Few things are more puzzling and disconcerting for an economist, and much of the American public, right now than the unemployment rate.
From late 2008 to the end of 2009, the U.S. unemployment rate jumped by 3.1 percentage points. What was so shocking about this was that the relationship between unemployment and the drop in the gross domestic product during the recession would have predicted only a 1.2 percentage point increase. This was the largest forecasting error in decades.
Since then, the baffling moves have been in the opposite direction, with unemployment falling from 9.8 percent in November to 9.4 percent in December. Since then, the unemployment rate has dropped even further, to 8.9 percent in February. We’ll get the March figures today.
Regardless of whether the rate ticked up or down, the 1.2 percentage point drop in the unemployment rate from its peak in 2009 is a puzzle because economic growth hasn’t been strong enough to generate such a large decline.
The conventional wisdom now holds that the rate should rise because many workers who left the labor force will come back and start looking for a job as the economy improves. To be counted as unemployed, someone must have searched for a job in the past month.
While many jobless workers have indeed given up on the search, I’m going on record as a contrarian. I suspect a large rise in the labor force won’t cause the unemployment rate to jump. Instead, I suspect we’re going to see a continuing decline in the unemployment rate, though there surely will be some blips along the way.
Here’s how my thinking goes.
First, there’s history: Once unemployment starts falling, it usually does so for a while. Second, and more important, data that I computed using Bureau of Labor Statistics figures show a remarkable development in the types of workers who have been leaving the labor force.

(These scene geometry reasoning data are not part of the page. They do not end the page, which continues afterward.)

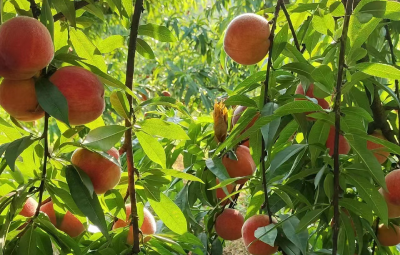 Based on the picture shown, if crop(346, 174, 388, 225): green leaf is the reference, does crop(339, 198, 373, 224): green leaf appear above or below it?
below

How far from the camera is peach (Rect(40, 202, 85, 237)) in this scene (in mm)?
710

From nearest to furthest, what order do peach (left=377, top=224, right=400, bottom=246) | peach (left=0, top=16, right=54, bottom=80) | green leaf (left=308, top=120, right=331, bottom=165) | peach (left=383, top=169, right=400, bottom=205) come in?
peach (left=0, top=16, right=54, bottom=80) < green leaf (left=308, top=120, right=331, bottom=165) < peach (left=383, top=169, right=400, bottom=205) < peach (left=377, top=224, right=400, bottom=246)

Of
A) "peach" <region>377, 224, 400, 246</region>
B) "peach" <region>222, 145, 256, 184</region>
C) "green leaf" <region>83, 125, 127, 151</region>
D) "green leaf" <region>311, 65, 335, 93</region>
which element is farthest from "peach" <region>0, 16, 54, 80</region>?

Those out of work for a year or longer used to have the highest labor force dropout rate. Now they have the lowest. In the past couple of years, the recently unemployed have been more likely to leave the labor force than the long-term unemployed.

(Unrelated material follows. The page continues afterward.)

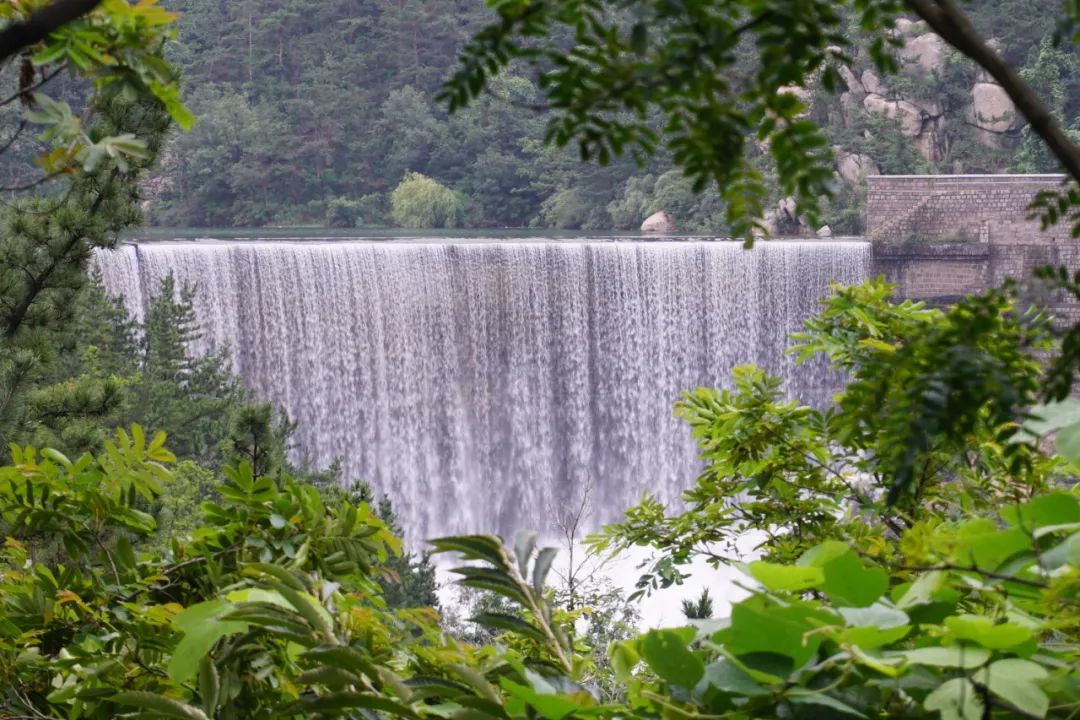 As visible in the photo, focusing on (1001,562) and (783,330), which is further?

What has been keeping the long-term unemployed in the labor force? There are a few possible explanations.
First, many people out of work for long periods may have been induced to stay in the labor force because they are required to search for a job in order to receive unemployment insurance benefits. Those benefits were extended to a maximum period of 99 weeks in 2009.
Second, as a result of the depth of the recession, the composition of the long-term unemployed might have shifted toward people who are strongly attached to the workforce — in other words, people who are motivated and have more advanced skills.

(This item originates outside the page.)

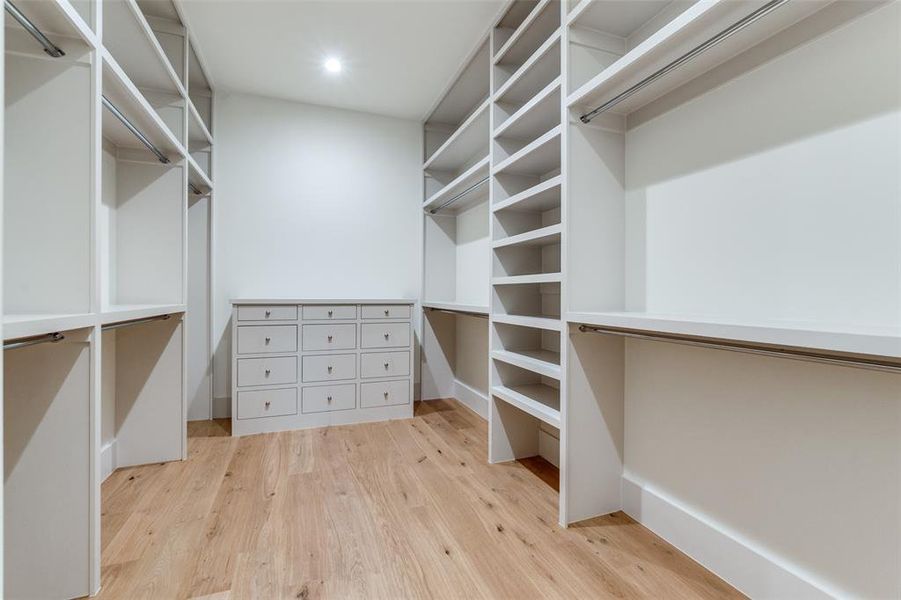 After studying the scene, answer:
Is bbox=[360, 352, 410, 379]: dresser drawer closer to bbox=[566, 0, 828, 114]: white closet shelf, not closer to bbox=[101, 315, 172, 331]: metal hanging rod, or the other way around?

Third, some of the short-term unemployed might have left the labor force to get more training and education to improve their skills and job prospects. Riding out a recession and weak recovery in school isn’t a bad strategy.
Here’s something to think about: At the end of this year, extended unemployment benefits will expire, while other people will exhaust their benefits during the course of the year. Once that happens we might start seeing more people give up looking for work, restoring the pattern where people unemployed the longest leave the labor force at a higher rate than others.
After all, the prospect of finding a job after looking for two years is small, and it probably won’t improve much even if the labor market continues to heal.
So we might well see the labor force shrinking more even as the measured unemployment rate falls. Nonetheless, we still will have a serious joblessness problem even as the unemployment rate falls.
Instead of focusing on the unemployment rate, it may be better to look at the employment-to-population ratio, or the share of the population that is employed. This rate isn’t affected by whether someone is counted as in or out of the labor force.
Tellingly, the employment-to-population rate has hardly budged since reaching a low of 58.2 percent in December 2009. Last month it stood at just 58.4 percent. Even in the expansion from 2002 to 2007, the share of the population employed never reached the peak of 64.7 percent it attained before the March-November 2001 recession.
What this indicator tells me is that we weren’t creating enough jobs long before the recession that began in December 2007.
If this pattern holds, even in recovery, it points to a much deeper and disturbing problem for the U.S. economy.
Alan Krueger, professor of economics at Princeton University, was assistant secretary of the U.S. Treasury for economic policy.